* WHAT THE TASK ASKS *
The answer should match the entries that follow exactly, except that no image appears in it.

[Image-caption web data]
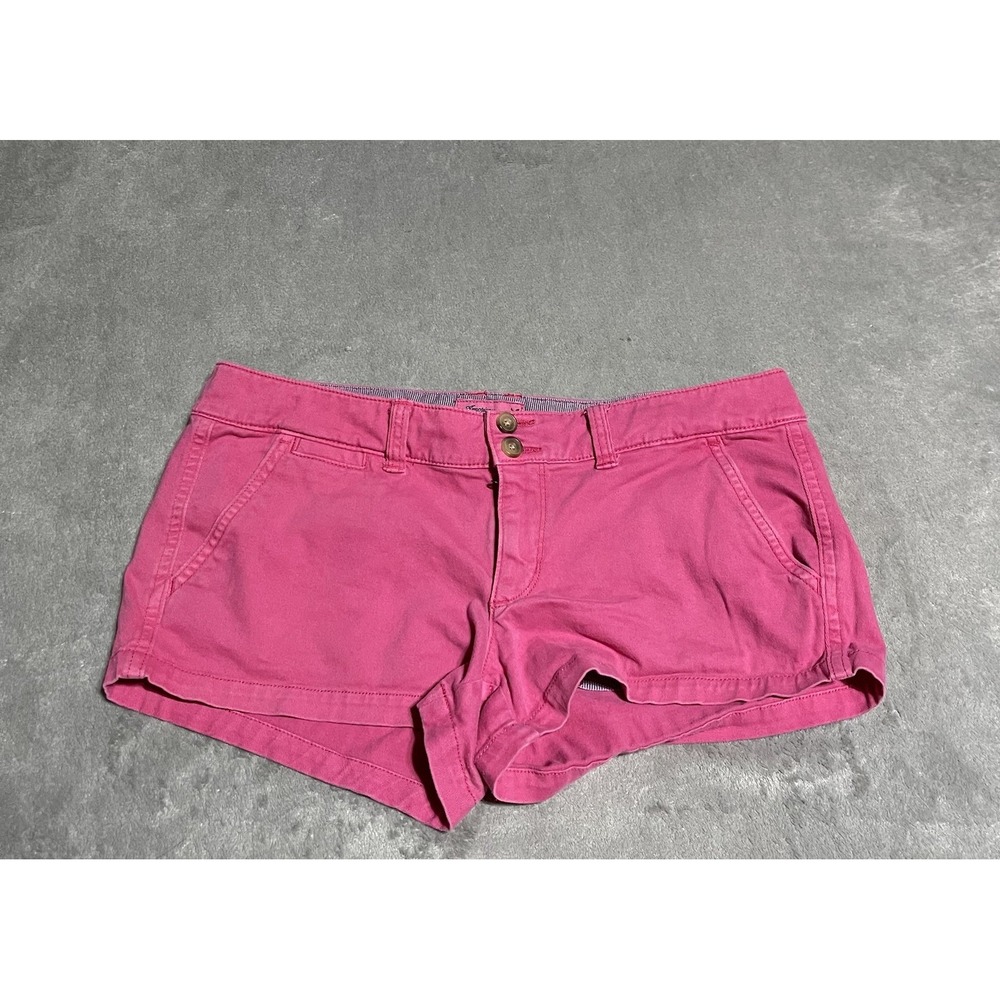 Y2K American Eagle Outfitters Booty Shorts Womens 6 Low Rise Pink Stretch Preppy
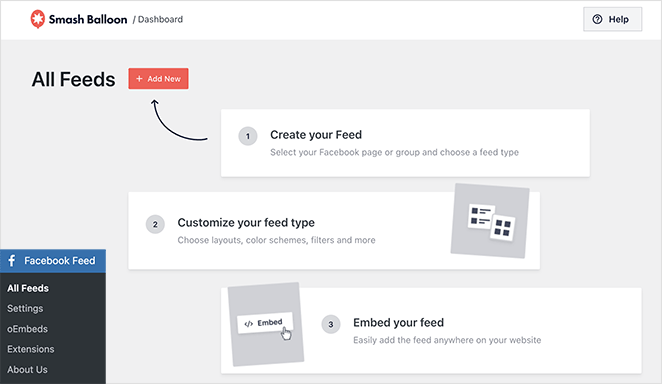 addnewfacebookfeed SeedProd Add new Facebook feed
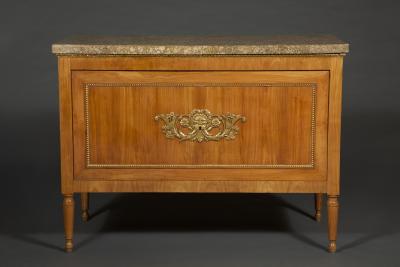 Neoclassical proportioned Lego di Cillegio and gilt wood mounted commodes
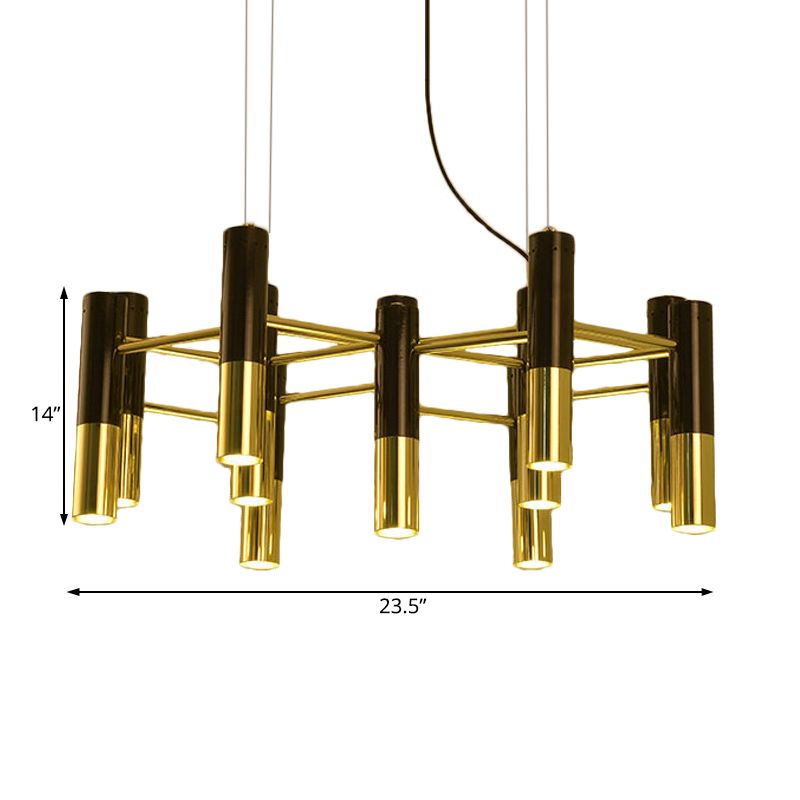 Metal Tube Chandelier Lamp Contemporary 11/22 Lights Gold Led Hanging Pendant Light Fixture in Warm Light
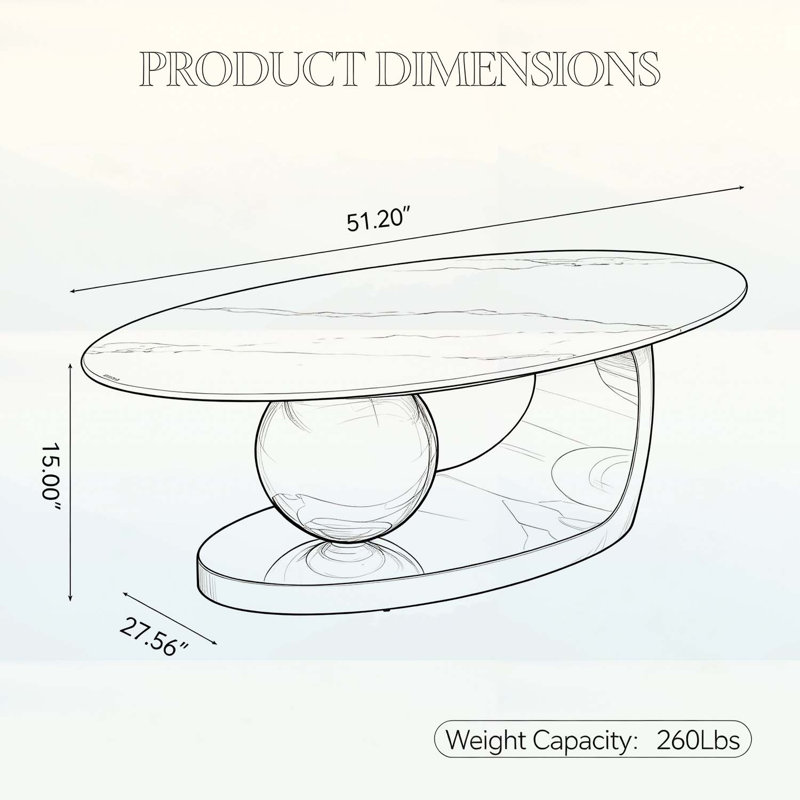 Table basse ovale pour le salon, argent et blanc
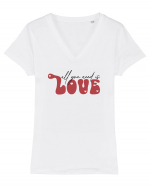 de dragoste in stil retro vintage - All You Need Is Love Tricou mânecă scurtă guler V Damă Evoker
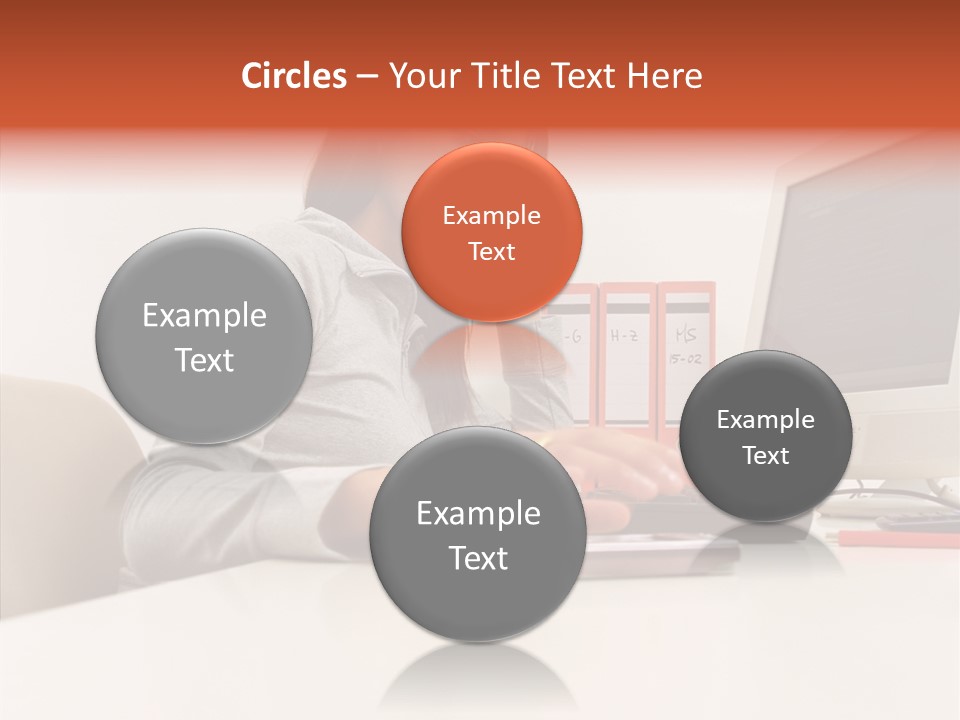 Businesswoman Using Computer PowerPoint Template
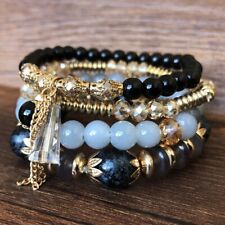 Bracelet multicouche cristal boho perles bracelet extensible femmes bijoux 4 pièces/ensemble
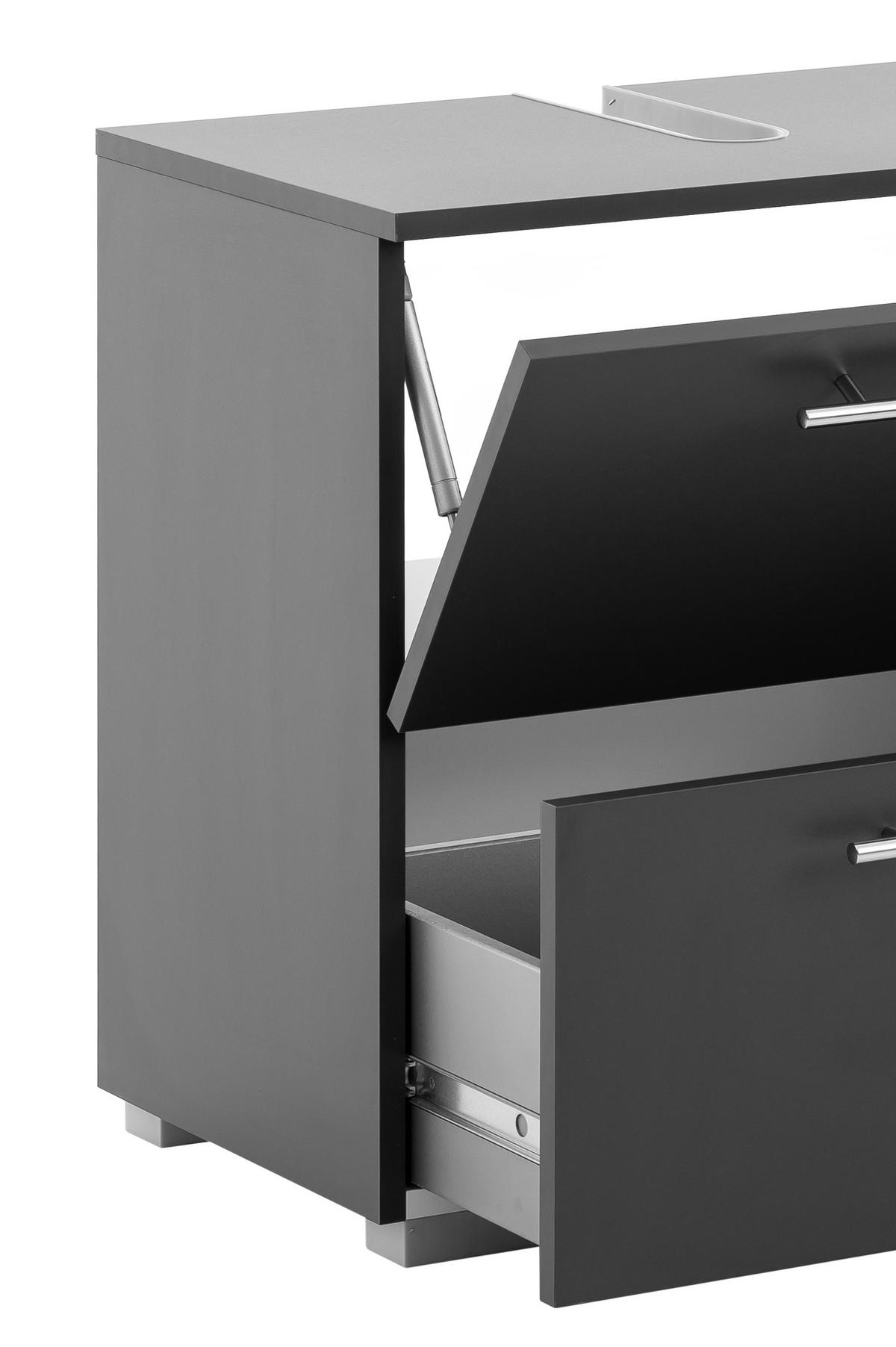 Waschbeckenunterschrank Carlos Anthrazit B: ca. 40 cm - Chromfarben/Anthrazit, KONVENTIONELL, Holzwerkstoff/Metall (40,2/59,1/35cm) - MID.YOU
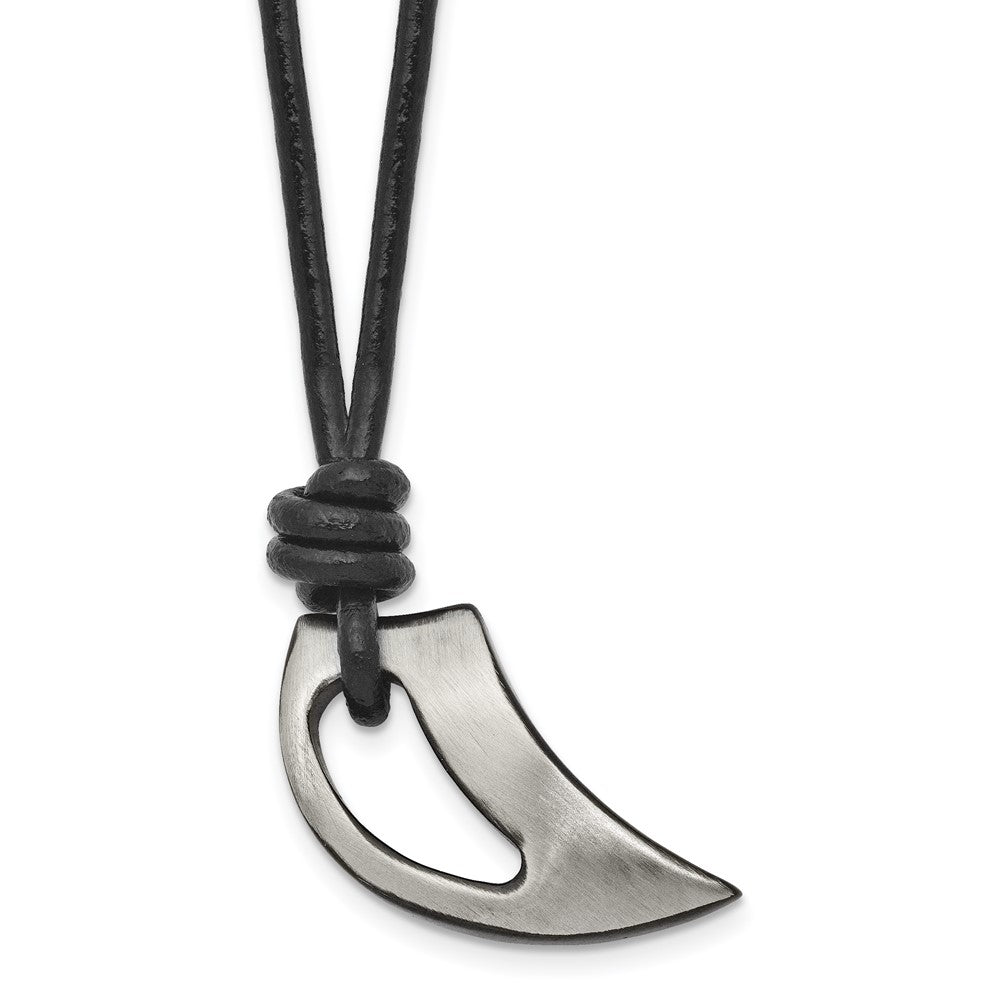 Black Plated Stainless Steel & Leather Brushed Claw Necklace, 20 Inch, Item N23006 by The Black Bow Jewelry Co.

* WRITTEN ANSWER *
 Y2K American Eagle Outfitters Booty Shorts Womens 6 Low Rise Pink Stretch Preppy
 addnewfacebookfeed SeedProd Add new Facebook feed
 Neoclassical proportioned Lego di Cillegio and gilt wood mounted commodes
 Metal Tube Chandelier Lamp Contemporary 11/22 Lights Gold Led Hanging Pendant Light Fixture in Warm Light
 Table basse ovale pour le salon, argent et blanc
 de dragoste in stil retro vintage - All You Need Is Love Tricou mânecă scurtă guler V Damă Evoker
 Businesswoman Using Computer PowerPoint Template
 Bracelet multicouche cristal boho perles bracelet extensible femmes bijoux 4 pièces/ensemble
 Waschbeckenunterschrank Carlos Anthrazit B: ca. 40 cm - Chromfarben/Anthrazit, KONVENTIONELL, Holzwerkstoff/Metall (40,2/59,1/35cm) - MID.YOU
 Black Plated Stainless Steel & Leather Brushed Claw Necklace, 20 Inch, Item N23006 by The Black Bow Jewelry Co.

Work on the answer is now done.